わたしの すきな もの
書籍情報
- 著 者:
- 福岡伸一
- 出版社:
- 婦人之友社
- 出版年:
- 2019年2月
『婦人之友』で連載された気楽に読めるエッセイをまとめたもの
「本書は、『婦人之友』2016年1月号~2018年10月号に掲載された中から33篇と対談を加筆・修正したものに、書き下ろしの「光る泥団子」(42ページ)を加えたもの」とのこと。
対談は「恐竜の謎、生命の不思議」という題で、著者である生物学者の福岡伸一と古生物・恐竜学者の真鍋真が対談している。
内容は書名のとおりで、著者の「すきなもの」について綴っている。昆虫をテーマにしたエッセイがいくつかあるが、生物学エッセイ集という感じではなく、NDC分類も「914.6」(「日本文学」の「評論、エッセイ、随筆」)。自然科学の本として分類されていないが、福岡伸一の本ということで、ごく簡単に紹介することにした。
当サイトは自然科学の本の紹介サイトなので、まず、福岡伸一の最重要ワードである「動的平衡」にまつわるエッセイを紹介したい。
今回は「落款」をつくる話から、動的平衡の世界観をごく簡単に綴っている。この落款のデザインは、(このレビュー執筆時点で)婦人之友社のWEBサイトでも見ることができるが、著者はこの落款について「流れゆく水の渦巻き紋様にも、あるいは糾える縄模様にも見える。まさに動的平衡ここにあり」と綴っている。
動的平衡については、こう綴っている。「動的平衡とは、絶えず動きながらバランスを作りなおす営みのこと。私はそれが生命の一番大切な特性だと思っている。」(この後、もう少し説明が続く)

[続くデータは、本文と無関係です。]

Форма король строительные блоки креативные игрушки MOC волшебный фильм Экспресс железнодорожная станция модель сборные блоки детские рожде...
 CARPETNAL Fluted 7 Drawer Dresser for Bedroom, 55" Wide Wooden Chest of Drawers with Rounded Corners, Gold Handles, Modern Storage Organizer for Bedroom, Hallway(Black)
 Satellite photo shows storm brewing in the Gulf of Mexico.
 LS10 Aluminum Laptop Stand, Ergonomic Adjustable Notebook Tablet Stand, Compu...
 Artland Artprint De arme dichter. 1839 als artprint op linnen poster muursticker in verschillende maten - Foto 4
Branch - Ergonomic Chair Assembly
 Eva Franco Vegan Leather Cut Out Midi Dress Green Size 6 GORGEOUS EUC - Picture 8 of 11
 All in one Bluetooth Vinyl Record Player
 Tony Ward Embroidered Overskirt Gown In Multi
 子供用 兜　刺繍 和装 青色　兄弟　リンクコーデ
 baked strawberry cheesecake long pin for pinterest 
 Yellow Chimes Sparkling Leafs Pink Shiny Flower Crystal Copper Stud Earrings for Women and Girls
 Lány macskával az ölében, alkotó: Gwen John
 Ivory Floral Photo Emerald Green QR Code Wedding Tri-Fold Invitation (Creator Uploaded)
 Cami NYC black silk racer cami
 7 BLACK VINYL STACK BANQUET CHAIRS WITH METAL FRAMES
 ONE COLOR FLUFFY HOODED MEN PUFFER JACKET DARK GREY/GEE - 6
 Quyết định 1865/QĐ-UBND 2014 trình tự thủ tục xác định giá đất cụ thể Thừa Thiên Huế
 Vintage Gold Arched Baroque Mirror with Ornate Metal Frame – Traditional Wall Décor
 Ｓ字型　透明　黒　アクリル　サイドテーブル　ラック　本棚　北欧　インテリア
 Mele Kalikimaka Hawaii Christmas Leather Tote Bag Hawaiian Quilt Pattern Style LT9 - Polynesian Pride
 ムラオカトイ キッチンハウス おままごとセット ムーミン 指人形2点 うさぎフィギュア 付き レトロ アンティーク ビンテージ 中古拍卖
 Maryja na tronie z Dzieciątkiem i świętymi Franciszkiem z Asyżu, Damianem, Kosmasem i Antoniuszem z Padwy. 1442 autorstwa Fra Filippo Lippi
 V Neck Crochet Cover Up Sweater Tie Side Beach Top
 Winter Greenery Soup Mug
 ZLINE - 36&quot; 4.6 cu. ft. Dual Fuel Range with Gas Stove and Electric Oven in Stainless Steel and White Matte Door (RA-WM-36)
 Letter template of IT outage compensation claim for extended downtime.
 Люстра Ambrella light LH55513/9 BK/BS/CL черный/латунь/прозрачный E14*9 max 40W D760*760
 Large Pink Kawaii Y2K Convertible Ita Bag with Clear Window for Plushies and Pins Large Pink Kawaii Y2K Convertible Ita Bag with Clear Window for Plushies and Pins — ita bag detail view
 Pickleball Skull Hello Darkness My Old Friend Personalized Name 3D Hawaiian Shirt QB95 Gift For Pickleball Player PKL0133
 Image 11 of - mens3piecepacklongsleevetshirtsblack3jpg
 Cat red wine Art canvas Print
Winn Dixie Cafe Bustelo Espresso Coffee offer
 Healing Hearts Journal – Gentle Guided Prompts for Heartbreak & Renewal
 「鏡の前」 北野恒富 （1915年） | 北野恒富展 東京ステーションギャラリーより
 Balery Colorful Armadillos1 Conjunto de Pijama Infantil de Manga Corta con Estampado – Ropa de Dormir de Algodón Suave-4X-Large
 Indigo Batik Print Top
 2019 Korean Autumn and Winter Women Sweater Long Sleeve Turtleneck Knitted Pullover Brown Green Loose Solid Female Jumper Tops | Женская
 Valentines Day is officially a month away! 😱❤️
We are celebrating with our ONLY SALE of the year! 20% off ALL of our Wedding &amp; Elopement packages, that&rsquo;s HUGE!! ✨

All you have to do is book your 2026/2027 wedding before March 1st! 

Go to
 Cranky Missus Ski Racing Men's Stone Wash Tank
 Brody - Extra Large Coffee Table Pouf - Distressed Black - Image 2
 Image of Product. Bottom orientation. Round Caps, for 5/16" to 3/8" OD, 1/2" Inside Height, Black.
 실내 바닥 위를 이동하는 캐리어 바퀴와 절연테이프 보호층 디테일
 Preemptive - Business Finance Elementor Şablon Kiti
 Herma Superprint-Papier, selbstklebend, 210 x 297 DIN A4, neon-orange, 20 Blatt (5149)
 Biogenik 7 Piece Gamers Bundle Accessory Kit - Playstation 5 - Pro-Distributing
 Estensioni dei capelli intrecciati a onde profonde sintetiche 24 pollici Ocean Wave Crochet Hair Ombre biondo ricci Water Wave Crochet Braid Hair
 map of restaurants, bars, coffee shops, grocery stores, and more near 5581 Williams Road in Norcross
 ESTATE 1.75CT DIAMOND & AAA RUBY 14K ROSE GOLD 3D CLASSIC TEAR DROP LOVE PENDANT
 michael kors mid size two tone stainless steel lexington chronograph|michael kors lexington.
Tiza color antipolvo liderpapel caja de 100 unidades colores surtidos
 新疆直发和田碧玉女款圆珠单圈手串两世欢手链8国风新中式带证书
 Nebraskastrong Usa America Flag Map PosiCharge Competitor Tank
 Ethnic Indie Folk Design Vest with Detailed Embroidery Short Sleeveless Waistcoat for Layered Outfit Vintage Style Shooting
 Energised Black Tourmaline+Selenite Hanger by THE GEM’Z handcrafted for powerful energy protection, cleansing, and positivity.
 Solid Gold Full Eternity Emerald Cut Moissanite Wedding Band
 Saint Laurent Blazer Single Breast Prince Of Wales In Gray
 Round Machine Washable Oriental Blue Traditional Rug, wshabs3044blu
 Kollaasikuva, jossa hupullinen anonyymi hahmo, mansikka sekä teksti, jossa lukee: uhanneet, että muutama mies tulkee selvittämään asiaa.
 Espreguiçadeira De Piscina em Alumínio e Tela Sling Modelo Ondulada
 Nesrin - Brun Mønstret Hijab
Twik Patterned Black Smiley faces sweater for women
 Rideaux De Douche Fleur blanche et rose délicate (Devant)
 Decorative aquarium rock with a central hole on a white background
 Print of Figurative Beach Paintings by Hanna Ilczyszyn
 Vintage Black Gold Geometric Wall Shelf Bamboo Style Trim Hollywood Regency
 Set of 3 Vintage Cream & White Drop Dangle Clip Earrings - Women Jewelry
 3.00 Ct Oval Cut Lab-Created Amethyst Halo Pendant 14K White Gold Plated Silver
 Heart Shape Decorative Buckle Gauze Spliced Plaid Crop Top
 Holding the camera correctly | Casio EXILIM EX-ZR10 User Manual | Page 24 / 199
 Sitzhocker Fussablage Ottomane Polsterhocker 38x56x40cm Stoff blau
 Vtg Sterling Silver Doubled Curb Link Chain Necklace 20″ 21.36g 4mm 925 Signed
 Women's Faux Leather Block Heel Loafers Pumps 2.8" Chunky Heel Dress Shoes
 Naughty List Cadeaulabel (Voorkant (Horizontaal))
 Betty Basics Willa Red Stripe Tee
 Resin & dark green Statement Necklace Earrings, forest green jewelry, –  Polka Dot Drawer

書き下ろしの「光る泥団子」は、つぎの二つの問いから始まる。
「第一問 土はなぜ黒いのでしょうか。」
「第二問 土の歴史は5億年。それはどんな意味を持つのでしょうか。」
この質問の後、地球誕生からの壮大な話が簡潔に綴られていく。
エッセイタイトル(テーマになる「すきなもの」の写真付)で1ページ、文章が2ページの気楽に読めるエッセイ。
ひとこと
書籍情報下のキーワードは一応「生命」としたが、もちろん「生命」について興味を持っている方が選ぶエッセイというわけではない。でも、このエッセイによって、「生命の一番大切な特性」と著者が語った「動的平衡」に興味を持った方もいるのではないだろうか。たびたび語られているので知っている方も多いと思うが、はじめて目にした方、そしてもっと知りたいと思った方には、『生物と無生物のあいだ』をおすすめしたい。